What is Variation?
Variation is the degree of the difference between an ideal and an actual situation. Variation in a system can result in budget overruns, late order deliveries, long queuing or waiting times, reduced throughput etc.
A simulation is a computer model that mimics the behaviour of a real system by representing operations of a real-world or planned system. The difference between a simulation and an everyday planning model, is that the simulation accounts for variation.
Consider the following example of a Mine feeding into a Plant. If both the Mine and Plant produce throughput at a constant rate of 1 000 tonnes/hour, the output of the system will be 1 000 tonnes/hour.
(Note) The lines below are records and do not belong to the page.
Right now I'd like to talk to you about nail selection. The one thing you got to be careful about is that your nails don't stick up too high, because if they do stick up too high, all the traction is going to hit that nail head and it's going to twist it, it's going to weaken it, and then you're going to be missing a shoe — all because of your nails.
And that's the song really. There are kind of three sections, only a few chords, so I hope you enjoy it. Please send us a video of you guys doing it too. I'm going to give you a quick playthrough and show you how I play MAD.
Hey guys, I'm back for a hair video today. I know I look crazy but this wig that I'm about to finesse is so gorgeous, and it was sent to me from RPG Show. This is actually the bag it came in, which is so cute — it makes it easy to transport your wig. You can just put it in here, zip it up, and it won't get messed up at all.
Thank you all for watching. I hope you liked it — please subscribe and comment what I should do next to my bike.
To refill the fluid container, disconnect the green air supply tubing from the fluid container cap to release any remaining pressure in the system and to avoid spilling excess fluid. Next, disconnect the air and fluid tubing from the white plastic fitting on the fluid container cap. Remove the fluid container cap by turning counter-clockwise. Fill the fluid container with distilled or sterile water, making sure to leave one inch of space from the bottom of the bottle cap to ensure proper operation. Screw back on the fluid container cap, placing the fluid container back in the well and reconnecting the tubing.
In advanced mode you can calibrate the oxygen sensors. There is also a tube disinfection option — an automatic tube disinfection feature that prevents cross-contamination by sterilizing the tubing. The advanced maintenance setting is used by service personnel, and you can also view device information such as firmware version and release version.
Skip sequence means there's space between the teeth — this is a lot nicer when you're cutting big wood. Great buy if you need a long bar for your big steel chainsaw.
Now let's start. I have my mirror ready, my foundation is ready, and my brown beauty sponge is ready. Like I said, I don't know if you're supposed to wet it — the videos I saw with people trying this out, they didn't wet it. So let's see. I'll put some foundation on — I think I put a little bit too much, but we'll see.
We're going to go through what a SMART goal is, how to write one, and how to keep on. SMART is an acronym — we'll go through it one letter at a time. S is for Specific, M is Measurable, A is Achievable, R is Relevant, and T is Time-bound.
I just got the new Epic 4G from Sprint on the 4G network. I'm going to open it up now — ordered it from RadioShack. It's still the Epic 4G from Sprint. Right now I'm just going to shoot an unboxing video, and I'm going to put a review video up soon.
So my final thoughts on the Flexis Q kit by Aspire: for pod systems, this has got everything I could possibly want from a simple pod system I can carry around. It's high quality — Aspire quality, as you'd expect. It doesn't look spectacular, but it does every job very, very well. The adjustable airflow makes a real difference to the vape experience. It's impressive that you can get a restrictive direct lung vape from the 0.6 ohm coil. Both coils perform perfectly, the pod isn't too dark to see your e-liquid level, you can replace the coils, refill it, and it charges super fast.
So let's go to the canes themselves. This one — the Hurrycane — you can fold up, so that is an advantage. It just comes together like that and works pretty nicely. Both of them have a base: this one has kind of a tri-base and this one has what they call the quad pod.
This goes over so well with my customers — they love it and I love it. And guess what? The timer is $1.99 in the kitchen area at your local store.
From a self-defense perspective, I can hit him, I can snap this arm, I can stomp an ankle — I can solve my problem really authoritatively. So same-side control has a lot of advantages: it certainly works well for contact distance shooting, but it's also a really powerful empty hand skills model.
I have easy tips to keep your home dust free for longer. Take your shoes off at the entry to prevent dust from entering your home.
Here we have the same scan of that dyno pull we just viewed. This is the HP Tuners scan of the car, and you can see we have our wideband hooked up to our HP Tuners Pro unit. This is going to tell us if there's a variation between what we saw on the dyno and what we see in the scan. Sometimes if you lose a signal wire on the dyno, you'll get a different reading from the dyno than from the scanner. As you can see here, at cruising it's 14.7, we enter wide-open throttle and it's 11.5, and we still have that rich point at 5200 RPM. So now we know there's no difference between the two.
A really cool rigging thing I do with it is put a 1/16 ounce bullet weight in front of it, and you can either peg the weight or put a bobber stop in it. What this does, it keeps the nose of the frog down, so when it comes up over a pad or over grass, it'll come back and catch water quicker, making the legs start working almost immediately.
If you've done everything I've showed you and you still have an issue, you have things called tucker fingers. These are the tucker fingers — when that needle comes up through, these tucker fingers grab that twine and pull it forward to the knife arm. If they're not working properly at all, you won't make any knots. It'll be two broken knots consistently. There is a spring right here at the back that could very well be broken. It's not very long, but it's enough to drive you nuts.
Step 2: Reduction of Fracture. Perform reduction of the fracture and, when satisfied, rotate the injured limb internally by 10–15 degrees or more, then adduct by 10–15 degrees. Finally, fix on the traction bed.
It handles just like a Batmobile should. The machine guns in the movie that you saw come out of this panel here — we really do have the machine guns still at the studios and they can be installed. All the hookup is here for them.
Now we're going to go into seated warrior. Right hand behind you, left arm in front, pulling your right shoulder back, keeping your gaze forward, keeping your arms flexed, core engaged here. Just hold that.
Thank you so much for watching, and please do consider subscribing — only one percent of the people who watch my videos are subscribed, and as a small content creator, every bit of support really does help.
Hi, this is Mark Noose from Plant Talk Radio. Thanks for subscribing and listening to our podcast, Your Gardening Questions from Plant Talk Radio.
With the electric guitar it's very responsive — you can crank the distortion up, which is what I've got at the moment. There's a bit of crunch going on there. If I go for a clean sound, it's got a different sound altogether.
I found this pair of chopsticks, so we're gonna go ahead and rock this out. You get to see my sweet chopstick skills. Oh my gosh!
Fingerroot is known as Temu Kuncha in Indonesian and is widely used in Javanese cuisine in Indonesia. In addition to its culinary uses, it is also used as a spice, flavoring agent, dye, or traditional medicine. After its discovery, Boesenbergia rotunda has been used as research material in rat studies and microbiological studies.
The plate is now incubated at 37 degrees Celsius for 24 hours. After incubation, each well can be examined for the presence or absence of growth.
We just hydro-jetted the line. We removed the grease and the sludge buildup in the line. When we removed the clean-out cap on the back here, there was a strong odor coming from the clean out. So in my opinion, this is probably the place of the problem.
In reality, there is some variation in the processing capabilities of these entities. If the Mine is processing at a constant rate of 1 000 tonnes/hour, and the Plant is processing at a varying rate which is sometimes slower than that of the Mine, the total throughput will be slower. In addition, if the Plant is processing at a faster rate than the Mine, the total throughput cannot increase to higher than 1 000 tonnes/hour. Therefore, the throughput will always be lower than the deterministic model due to the presence of variation.
One way in which the effects of variation is often mitigated in real-world scenarios is by placing a buffer between two processes. For demonstration purposes, a buffer is also added to the simulation. By increasing the buffer capacity, overall throughput can be increased. This unfortunately only holds true up to a point whereafter the increased buffer capacity has a negligible effect.
Ideally, the variation can be captured through historical data. This can then be used as distribution inputs for the simulation model to produce accurate results.
Using the Model
The Model contains six instances (A-F) of the set-up described above with a description of each on the left. The throughput rate is measured on the right of the model.
The deterministic model (A) delivers a throughput rate of 1000 tonnes/hour. This result is the same even when a buffer is added (B). Since the processing rate of the Mine and Plant are matched exactly, the buffer never fills. Instance C shows the Mine operating at a varying rate and in instance D where both the Mine and Plant has variation in processing rate, the throughput is the lowest. By adding a buffer (E) as shown below, the throughput can be improved again as it somewhat mitigates the effect of variation.
Instance F, shown below, demonstrates the effect that a feedback loop can have when a variance is present.
Essentially, a large portion of the material has to pass twice through the Mine and the Plant, thereby compounding the effect of the variation.
Using the Experimental Model
The Experimental Model depicts a single instance of the set-up as described in instance E. An experimental set-up, under Scenarios, allows for the quick evaluation of the full effect of variation. The larger the variation, the lower the throughput. Varying buffer capacities are also tested in order to demonstrate the relative effect of the buffer. The effect of variance can essentially be mitigated through a buffer. However, the main aim should be to reduce variance as far as possible.
The results of the various scenarios can be visually compared under the Response Results tab. The first seven scenarios demonstrate the effect that variation has on the throughput. The next seven show the effect of an increasing buffer size.